Cos here’s the twist folks. A linux server can totally lose all access to its storage - and keep going. Today though, even I am in for some surprises.
Linux Server Survives Total RAID Failure
I log in. Cool - it’s still running. The kernel’s obviously still going and the network’s fine. Wait a minute…
“HEY, if the network’s fine on this thing, what’s it NOT doing? Aren’t we just using it as a router?”
“Yeah but it’s doing DHCP and that’s crashed.”
Crap. Ah well, what can I get?
I try an ls on /etc/… no good. The system can’t load the binary ‘ls’. No directory listings for me. Ok, well can I edit the dhcp server configuration file?
#vi /etc/dhcpd.conf
No good - the system times out trying to load the ‘vi’ editor from the disk. Ok… what can I do?
#cat /etc/dhcpd.conf
bingo! Cat doesn’t need to be loaded from the disk. Why? It’s called during nightly automatic jobs on this machine, and so it’s cached in memory still from the last time it was loaded! Better yet, Linux is clever enough not to even _try_ to get to the dead disks if the program it’s trying to load is in memory!
I copy the dhcpd.conf file into an email, along with the network and routing config, and the WAN link configuration and send it to Joan. That ought to speed things up a bit for her!
Hmm, what else can we do?
Can I restart the dhcp server?
#service dhcpd start
Cannot open leases file /var/lib/dhcp/dhcpd.leases
Well, that makes sense. The DHCP server remembers what IP address it’s given out to whom in that file. It can’t open the file though, because it’s on the dead disk, so it wont load
What to do?
I take a break and have a coffee. There has to be a way around this.

Suddenly, I get a flash of inspiration!
If I could get DHCP to put its leases file in /dev/shm (which exists in RAM, not on the disk!) it could run, and we could have this server doing everything it used to until Joan’s replacement server is ready!
But how? I can’t edit the config file. Even if I could load an editor (put one on a floppy disk?!) I couldn’t EDIT the file - it’s on the dead disk and can’t be written to!
Mount! I could mount it!
#mount -t tmpfs /dev/shm /var/lib/dhcp/
Cannot open /etc/mtab
Damn, this game is just not fun.

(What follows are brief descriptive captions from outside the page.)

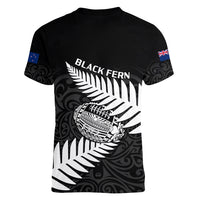 Aotearoa Rugby Women V Neck T Shirt Go Black Fern Pacific NZ Maori 2023 - Wonder Print Shop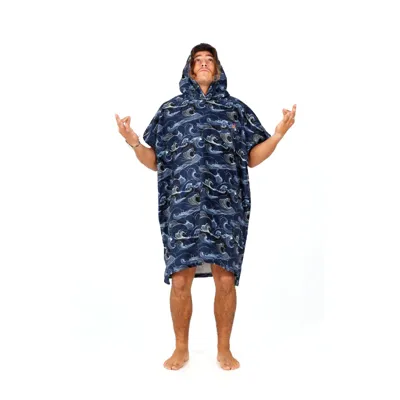 Poncho Japan Waves - Midnight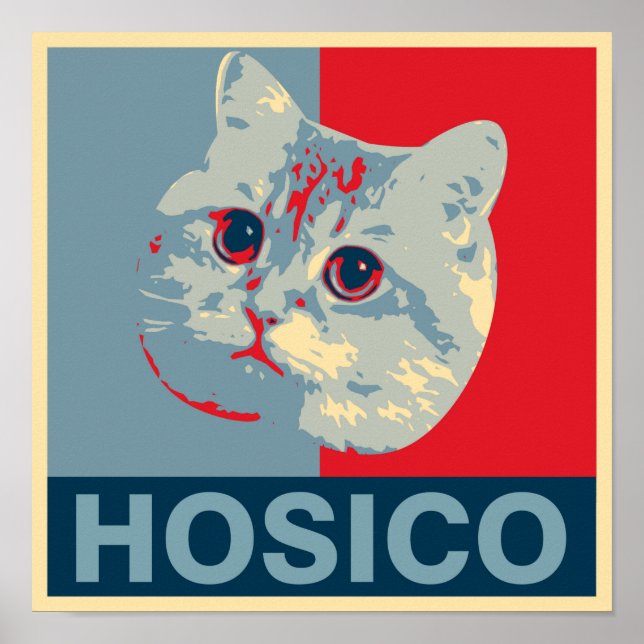 Poster Hosico - Ilustração Azul Vermelho (Frente)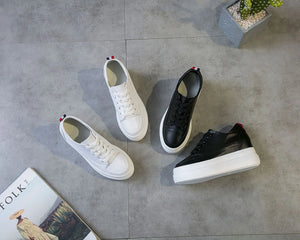 Platform Sneakers Black Leather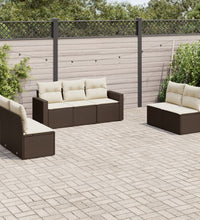 7-tlg. Garten-Sofagarnitur mit Kissen Braun Poly Rattan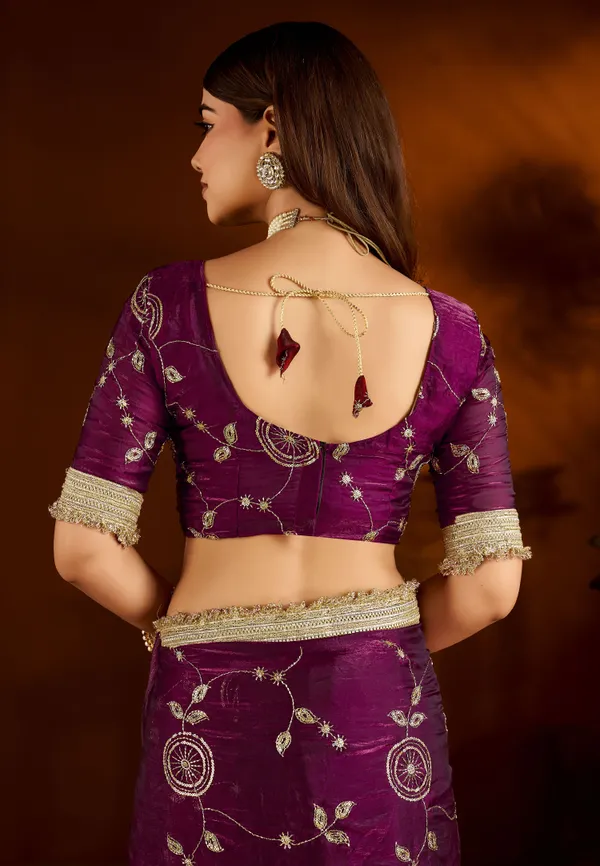 Wine_Satin_Silk_Saree_with_Heavy_Embroidered_Work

I check the man page for mount - I can mount without changing the /etc/mtab file…
#mount -n -t tmpfs /dev/shm /var/lib/dhcp/
No output comes back… it worked!
#touch /var/lib/dhcp/dhcpd.leases
#service dhcpd start
cannot open /var/run/dhcpd.pid
Bah!
#mount -n -t tmpfs /dev/shm /var/run/
#service dhcpd start
Starting dhcpd: [ OK ]
YES!!!
“Hey ugh, I think I got dhcpd going - can we check with the VIP’s and see if they can log in now?”

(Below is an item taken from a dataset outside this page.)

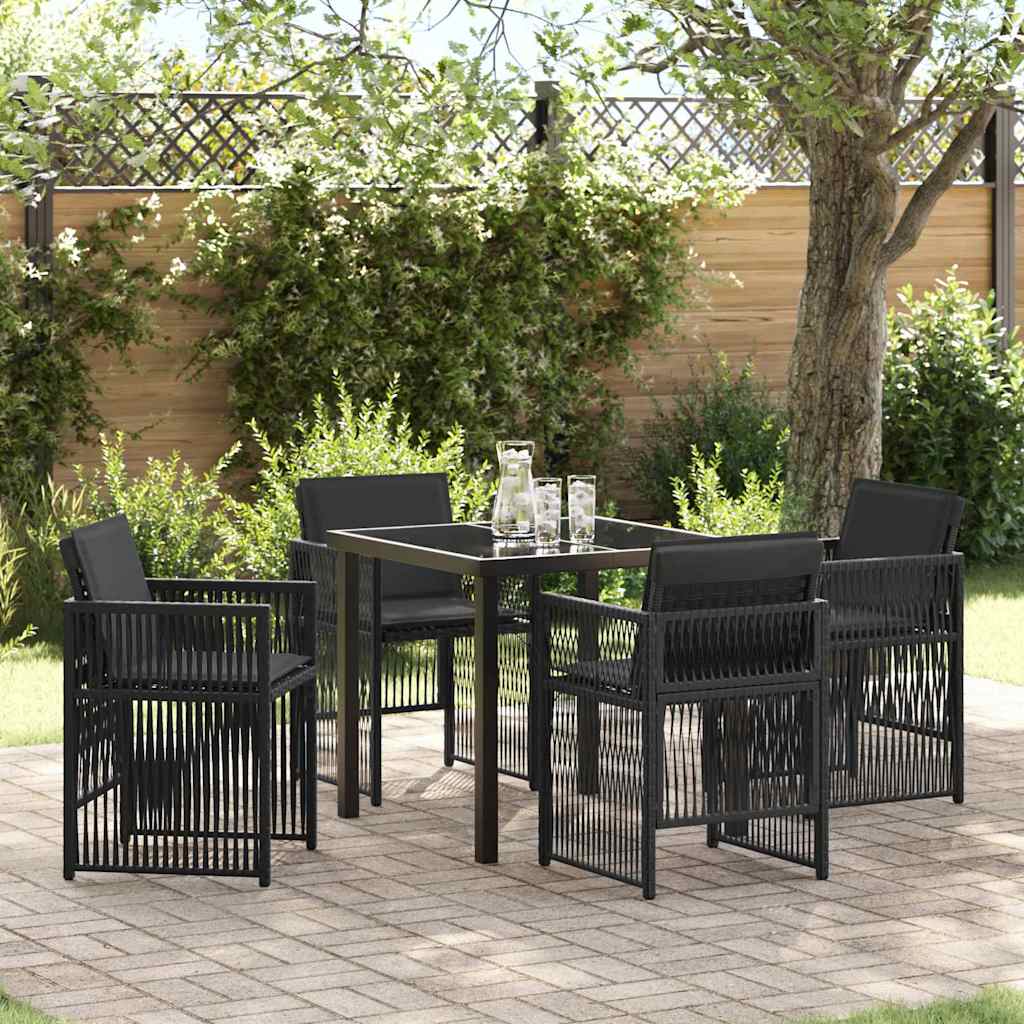 Set da Pranzo per Giardino 5 pcs Nero Poly Rattan - homemem39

Yes, they could. Later that day, we replaced the broken old server, with a brand new one. Instead of hours of outage and a rushed replacement, we had a very short outage and a well setup new server.

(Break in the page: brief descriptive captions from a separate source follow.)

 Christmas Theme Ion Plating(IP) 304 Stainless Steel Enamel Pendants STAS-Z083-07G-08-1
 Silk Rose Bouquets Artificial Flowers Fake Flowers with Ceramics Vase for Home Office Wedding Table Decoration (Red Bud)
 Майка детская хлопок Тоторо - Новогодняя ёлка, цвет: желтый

That’s one thing I love about Linux. It’s so robust; it generally survives whatever it’s theoretically possible to survive, and it gives you the flexibility you need to do things like… mount random directories in RAM instead of on the dead disk they USED to live on. You don’t get your data back, but you can make a new file.
The above is a true story. It happened to me on the morning of August 16, 2004. I know, because I kept a copy of the incident report. Because I am a Nerd.
del.icIo.us
|
Posted in Systems Administration |
9 Responses
Leave a Comment
February 8th, 2008 at 2:35 am
Linux <3, but what the (…) were you doing using raid on a (…)ing router/dhcpserver? maybe a raid0 but that’s just useless (imho)
February 9th, 2008 at 1:54 am
A better question might be why we were using a server for a router/dhcp server.
As to RAID… if its a live system that people depend on, you RAID it (1, 5 or 10, yes 0 is useless)
March 11th, 2008 at 1:41 am
Great story!
I’m curious though; how does your system handle user authentication? /etc/passwd must have been irretrievable due to the RAID failure?
March 11th, 2008 at 2:14 am
Hi Sarah,
It was a fairy standard box. /etc/passwd and /etc/shadow must have been cached since the last time somebody logged in. Probably /etc/group and a bunch of other stuff as well.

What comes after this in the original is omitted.